(Exercise):
For the material below, the expected output is exactly the lines between the line holding "1970s Two Tone" and the line holding "2019 Pokemon Sun", inclusive, with pictures left out.

(Records for this exercise):
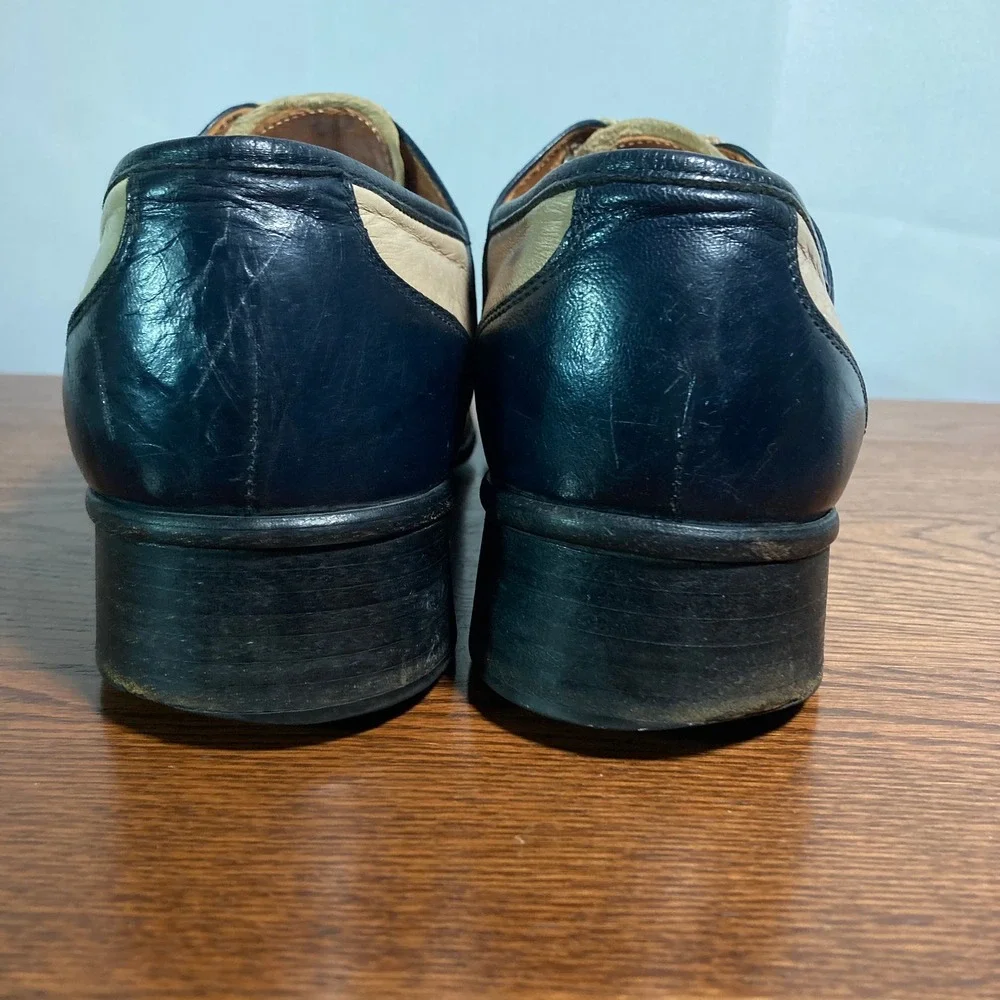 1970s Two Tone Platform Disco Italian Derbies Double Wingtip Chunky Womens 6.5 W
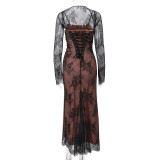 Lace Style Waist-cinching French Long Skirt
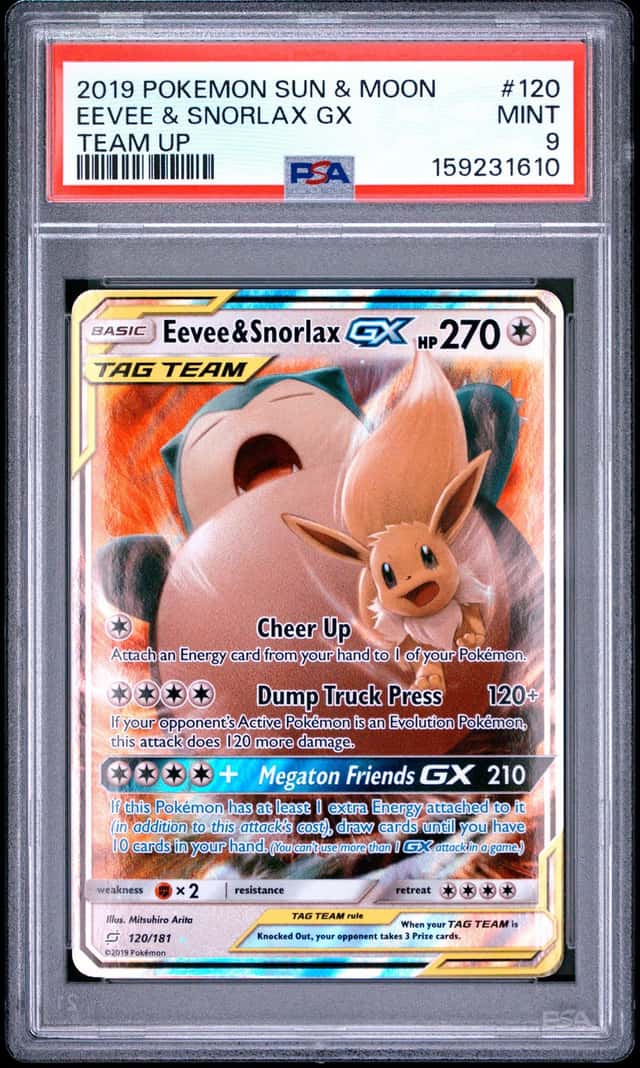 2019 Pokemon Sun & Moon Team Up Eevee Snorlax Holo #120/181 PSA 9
* * *
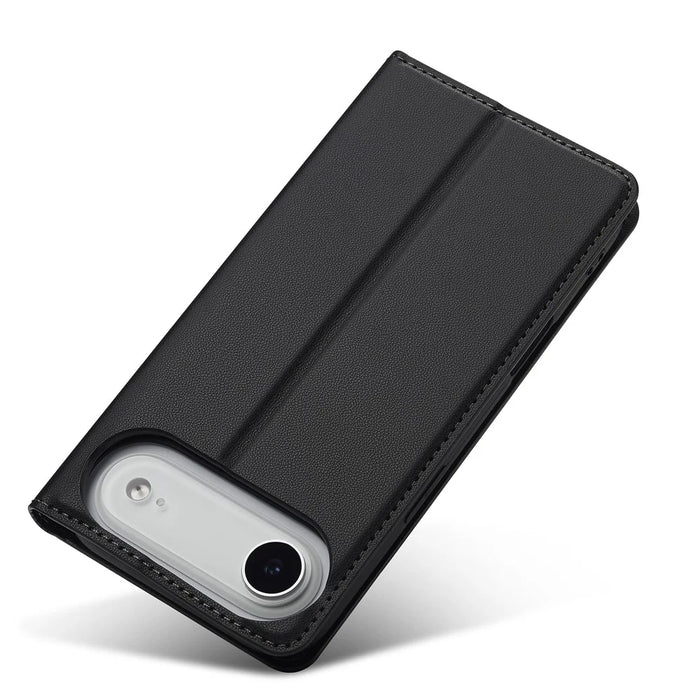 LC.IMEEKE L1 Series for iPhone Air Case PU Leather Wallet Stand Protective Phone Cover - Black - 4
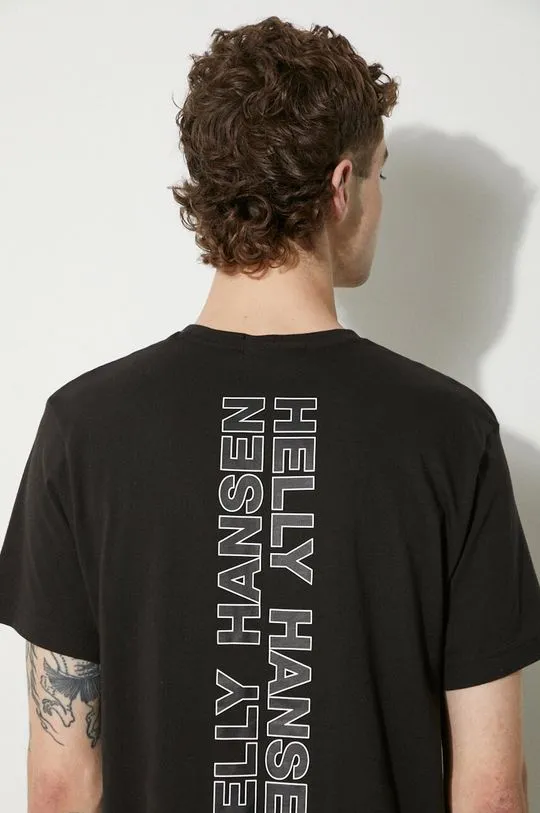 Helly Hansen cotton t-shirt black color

(Reply to the exercise):
 1970s Two Tone Platform Disco Italian Derbies Double Wingtip Chunky Womens 6.5 W
 Lace Style Waist-cinching French Long Skirt
 2019 Pokemon Sun & Moon Team Up Eevee Snorlax Holo #120/181 PSA 9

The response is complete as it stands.